Porque quem entende desorganiza. Há alguma coisa em nós que desorganizaria tudo – uma coisa que entende. Essa coisa que fica muda diante do homem sem o gorro e sem os sapatos, e para tê-los ele roubou e matou; e fica muda diante do S. Jorge de ouro e diamantes. Essa alguma coisa muita séria em mim fica ainda mais séria diante do homem metralhado. Essa alguma coisa é o assassino em mim? Não, é o desespero em nós. Feito doidos, nós o conhecemos, a esse homem morto onde a grama de radium se incendiara. Mas só feito doidos, e não como sonsos, o conhecemos.
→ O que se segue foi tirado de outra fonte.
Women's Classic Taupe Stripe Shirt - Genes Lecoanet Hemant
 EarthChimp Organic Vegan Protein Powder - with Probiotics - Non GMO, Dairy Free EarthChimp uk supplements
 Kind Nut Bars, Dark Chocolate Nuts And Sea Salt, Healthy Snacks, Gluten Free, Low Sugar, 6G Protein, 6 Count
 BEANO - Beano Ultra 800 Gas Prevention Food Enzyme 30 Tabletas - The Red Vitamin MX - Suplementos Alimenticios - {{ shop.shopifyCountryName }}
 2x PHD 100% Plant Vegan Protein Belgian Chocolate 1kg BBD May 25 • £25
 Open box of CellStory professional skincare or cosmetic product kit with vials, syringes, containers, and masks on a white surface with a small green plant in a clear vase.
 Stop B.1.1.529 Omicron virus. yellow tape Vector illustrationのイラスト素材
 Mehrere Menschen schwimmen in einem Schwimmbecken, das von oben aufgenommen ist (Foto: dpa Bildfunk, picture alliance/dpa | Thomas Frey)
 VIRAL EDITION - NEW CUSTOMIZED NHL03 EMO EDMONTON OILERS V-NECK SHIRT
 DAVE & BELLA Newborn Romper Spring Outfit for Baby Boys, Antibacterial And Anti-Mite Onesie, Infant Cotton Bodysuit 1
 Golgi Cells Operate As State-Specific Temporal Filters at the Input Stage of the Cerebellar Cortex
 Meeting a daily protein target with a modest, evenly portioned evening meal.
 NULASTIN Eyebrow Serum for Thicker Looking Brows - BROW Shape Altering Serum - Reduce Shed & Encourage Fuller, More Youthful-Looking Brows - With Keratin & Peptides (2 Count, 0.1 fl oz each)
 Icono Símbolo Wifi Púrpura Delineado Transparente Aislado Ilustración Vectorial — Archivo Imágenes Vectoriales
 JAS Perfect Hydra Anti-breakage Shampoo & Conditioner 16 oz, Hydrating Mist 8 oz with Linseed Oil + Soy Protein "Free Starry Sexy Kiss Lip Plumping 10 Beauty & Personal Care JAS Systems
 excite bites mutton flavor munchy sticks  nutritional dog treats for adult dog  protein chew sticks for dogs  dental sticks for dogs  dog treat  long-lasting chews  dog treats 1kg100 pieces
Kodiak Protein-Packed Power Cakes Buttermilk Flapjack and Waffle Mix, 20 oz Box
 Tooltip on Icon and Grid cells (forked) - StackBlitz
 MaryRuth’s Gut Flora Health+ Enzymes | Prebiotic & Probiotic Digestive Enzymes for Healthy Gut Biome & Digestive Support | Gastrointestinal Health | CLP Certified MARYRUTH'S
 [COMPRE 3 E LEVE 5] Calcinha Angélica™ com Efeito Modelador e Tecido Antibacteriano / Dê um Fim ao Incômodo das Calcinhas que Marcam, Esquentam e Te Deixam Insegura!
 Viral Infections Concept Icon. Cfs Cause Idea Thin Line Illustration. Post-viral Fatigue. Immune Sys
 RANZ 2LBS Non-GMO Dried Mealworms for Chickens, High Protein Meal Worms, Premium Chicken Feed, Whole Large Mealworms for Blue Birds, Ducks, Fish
É como doido que entro pela vida que tantas vezes não tem porta, e como doido compreendo o que é perigoso compreender, e como doido é que sinto o amor profundo, aquele que se confirma quando vejo que o radium se irradiará de qualquer modo, se não for pela confiança, pela esperança e pelo amor, então miseravelmente pela doente coragem de destruição. Se eu não fosse doido, eu seria oitocentos policiais com oitocentas metralhadoras, e esta seria a minha honorabilidade.
Até que viesse uma justiça um pouco mais doida. Uma que levasse em conta que todos temos que falar por um homem que se desesperou porque neste a fala humana já falhou, ele já é tão mudo que só o bruto grito desarticulado serve de sinalização. Uma justiça prévia que se lembrasse de que nossa grande luta é a do medo, e que um homem que mata muito é porque teve muito medo. Sobretudo uma justiça que se olhasse a si própria, e que visse que nós todos, lama viva, somos escuros, e por isso nem mesmo a maldade de um homem pode ser entregue à maldade de outro homem: para que este não possa cometer livre e aprovadamente um crime de fuzilamento. Uma justiça que não se esqueça de que nós todos somos perigosos, e que na hora em que o justiceiro mata, ele não está mais nos protegendo nem querendo eliminar um criminoso, ele está cometendo o seu crime particular, um longamente guardado. Na hora de matar um criminoso – nesse instante está sendo morto um inocente. Não, não é que eu queira o sublime, nem as coisas que foram se tornando as palavras que me fazem dormir tranquila, mistura de perdão, de caridade vaga, nós que nos refugiamos no abstrato.
O que eu quero é muito mais áspero e mais difícil: quero o terreno”. – Clarice Lispector, 1962.